The older facilities are under particular strain. The Jahra plant is processing about 100,000 cm/d of wastewater, more than 50 per cent above its design capacity. In August, the Mishref wastewater pumping station, which feeds the Riqqa and Sulaibiya processing plants, malfunctioned. The Public Works Ministry used tankers to transfer sewage to the plants, but local media reports say it also dumped up to 180,000 cm/d of raw sewage into the sea.
“Under plans drawn up by the Public Works Ministry, Kuwait plans to install 800,000 cm/d of capacity by 2015”
The obvious deterioration of Kuwait’s plants has forced the government’s hand. Under plans drawn up by the Public Works Ministry, which oversees wastewater collection and distribution, as well as running all but one of the country’s treatment plants, Kuwait plans to install 800,000 cm/d of additional capacity by 2015.

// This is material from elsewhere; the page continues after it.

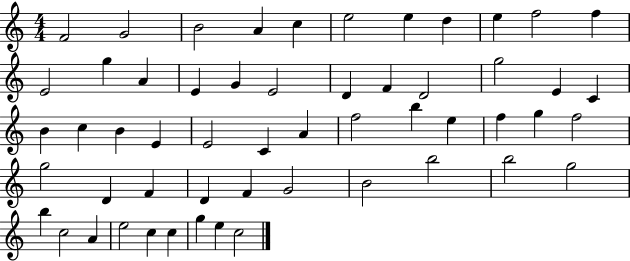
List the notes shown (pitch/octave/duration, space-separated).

F4/h G4/h B4/h A4/q C5/q E5/h E5/q D5/q E5/q F5/h F5/q E4/h G5/q A4/q E4/q G4/q E4/h D4/q F4/q D4/h G5/h E4/q C4/q B4/q C5/q B4/q E4/q E4/h C4/q A4/q F5/h B5/q E5/q F5/q G5/q F5/h G5/h D4/q F4/q D4/q F4/q G4/h B4/h B5/h B5/h G5/h B5/q C5/h A4/q E5/h C5/q C5/q G5/q E5/q C5/h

The first task will be to replace the existing plants at Riqqa and Jahra with new capacity at Umm al-Hayman and Kabad respectively. When completed in 2012, the Kabad plant will treat about 345,000 cm/d of wastewater, making it one of the largest such plants in the region. At the same time, the existing Jahra plant will be decommissioned and converted into a pumping station. The two will be linked by a 38-kilometre-long pipeline.

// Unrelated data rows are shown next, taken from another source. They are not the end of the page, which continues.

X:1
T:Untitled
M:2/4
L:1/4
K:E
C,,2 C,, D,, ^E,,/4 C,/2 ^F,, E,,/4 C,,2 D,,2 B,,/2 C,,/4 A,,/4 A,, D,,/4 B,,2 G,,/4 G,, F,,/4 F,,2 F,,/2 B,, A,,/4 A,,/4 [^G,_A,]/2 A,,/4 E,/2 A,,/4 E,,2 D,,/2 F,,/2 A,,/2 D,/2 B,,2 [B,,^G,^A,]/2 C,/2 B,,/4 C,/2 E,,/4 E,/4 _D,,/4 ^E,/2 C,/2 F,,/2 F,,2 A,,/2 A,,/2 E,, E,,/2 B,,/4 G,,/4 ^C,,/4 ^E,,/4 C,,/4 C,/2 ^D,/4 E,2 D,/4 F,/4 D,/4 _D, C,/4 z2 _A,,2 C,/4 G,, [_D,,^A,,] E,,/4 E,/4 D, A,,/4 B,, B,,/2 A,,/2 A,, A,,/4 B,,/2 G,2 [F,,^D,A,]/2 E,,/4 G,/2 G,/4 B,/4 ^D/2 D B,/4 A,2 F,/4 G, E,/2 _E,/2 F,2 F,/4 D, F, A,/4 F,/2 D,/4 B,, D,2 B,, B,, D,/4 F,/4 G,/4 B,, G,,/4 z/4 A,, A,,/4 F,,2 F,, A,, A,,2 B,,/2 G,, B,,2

The ministry also plans to replace capacity at Riqqa by expanding an existing plant at Umm al-Hayman, the country’s smallest such facility. Following the project, Umm al-Hayman will be capable of processing up to 300,000 cm/d of wastewater, a figure that may be increased to 500,000 cm/d. The Riqqa facility will be decommissioned and turned into a data monitoring centre, although it will continue to receive some treated water for distribution around Kuwait.
These expansion projects are accompanied by an ongoing overhaul of the Kuwaiti wastewater network, which covers about 65 per cent of the country. A programme has been drawn up by the ministry to upgrade and expand networks and replace asbestos piping in 16 districts, with nine stages completed so far.
Only 70 per cent of treated effluent is reused in Kuwait, mostly for irrigation, with the remainder dumped at sea. The ministry plans to achieve total reuse by 2011, doubling the amount of treated sewage used by farms in the Al-Abdali area and supplying treated waste-water to the Al-Wafra agricultural area.
Most of the infrastructure work so far has come under the aegis of the public sector, with one notable exception. The Sulaibiya treatment plant is the only privately owned facility in Kuwait and was the first in the Middle East to be developed on a build-own-operate basis, in 2004. With a design capacity of 425,000 cm/d, it is also the largest wastewater and reclamation project in the world. The developer, Utilities Development Company, holds a 30-year concession.
Only a few years after beginning operations, Sulaibiya is already operating above its design capacity, with peak throughput recorded at 500,000 cm/d. UDC has been in discussions with the government to expand the capacity of the plant to 600,000 cm/d.
To a certain extent, the Sulaibiya plant has provided the template for the government’s expansion and upgrade programme. It was built partly to resolve problems at the ageing Ardiya wastewater treatment facility, which was converted into a preliminary treatment plant. Sewage is screened and degreased at Ardiya before being pumped by pipeline to the larger plant for further treatment.
Sulaibiya saves the government about $250m on desalination costs every year, amounting to about $7.5bn over the lifetime of the concession. But it could also act as a financial model for future projects, should Kuwait choose to rely more heavily on the private sector.
The ministry currently acts as go-between, buying treated wastewater or effluent from Sulaibiya and selling it to consumers for less than a quarter of the price. Although it pays a premium for the privately processed product, it can sell it at double the price to end-users.